Bug 458118

Summary: Track deletions of objects from unloaded shared libraries
Product: [Developer tools] valgrind Reporter: Michael Barth <Spirrwell>
Component: memcheckAssignee: Julian Seward <jseward>
Status: REPORTED ---    
Severity: wishlist CC: philippe.waroquiers, pjfloyd
Priority: NOR    
Version First Reported In: unspecified   
Target Milestone: ---   
Platform: Other   
OS: Linux   
Latest Commit: Version Fixed/Implemented In:
Sentry Crash Report:

Description Michael Barth 2022-08-20 23:23:20 UTC
I don't know if this is something that is possible. Consider the following, you create an object in one shared library that is deleted in another. You then unload the library that did the allocation, and then proceed to delete the object.
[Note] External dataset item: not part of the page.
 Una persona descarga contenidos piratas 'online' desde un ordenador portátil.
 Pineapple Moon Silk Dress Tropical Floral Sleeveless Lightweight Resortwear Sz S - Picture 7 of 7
If that object is not trivial and has destructors that need to be called, you will end up with a segmentation fault.

Valgrind will simply report the issue as "is not stack'd, malloc'd or (recently) free'd." This had lead me to believing I had some kind of heap corruption bug with an overwrite or underwrite somewhere that was altering the pointer to point at something that did not exist. But it was a lot simpler than that, the shared library that created the object was simply unloaded.

If these kinds of bugs could be found by Valgrind, that would be extremely helpful.
Comment 1 Paul Floyd 2022-08-21 16:57:09 UTC
Does --keep-debuginfo=yes make any difference?

Also can you provide a small example that reproduces the issue?
Comment 2 Michael Barth 2022-08-21 19:15:03 UTC
(In reply to Paul Floyd from comment #1)
> Does --keep-debuginfo=yes make any difference?
> 
> Also can you provide a small example that reproduces the issue?

This does not make any difference for me. Here is an example repo: https://github.com/Spirrwell/so_unload_delete_demo

It is worth noting that when using --leak-check=full, valgrind does pick up on the fact that there's a leak relating to dlclose in this example. But only when these two things are side-by-side in such a small example would I be able to see the relation between the two.

While debugging this big old application, I had a giant wall of leaks and I was trying to debug what I THOUGHT was heap corruption, but was simply this shared library unloading issue. So having ANY little extra hint that this kind of problem occurred would be quite useful.
Comment 3 Philippe Waroquiers 2022-08-22 18:38:46 UTC
Valgrind keeps recently freed blocks in a list that allows to report where it was allocated. If the size of this list (controlled by --freelist-vol parameter) is big enough and you use --keep-debuginfo=yes, then I think valgrind should be able to tell you the stack trace that allocated the referenced freed block.

Now, if the segmentation violation happens because the destructor code has been unloaded and this destructor code is not found anymore via a pointer in the dispatch table, then valgrind does not track executable code and/or dispatch table.
Comment 4 Michael Barth 2022-08-22 19:29:47 UTC
I do believe it is a result of the destructor being called and not specifically delete or free. Using placement new with malloc'd memory and calling the destructor manually yields the same kind of segmentation fault.

In which case, that kinda stinks. Oh well, thank you anyway!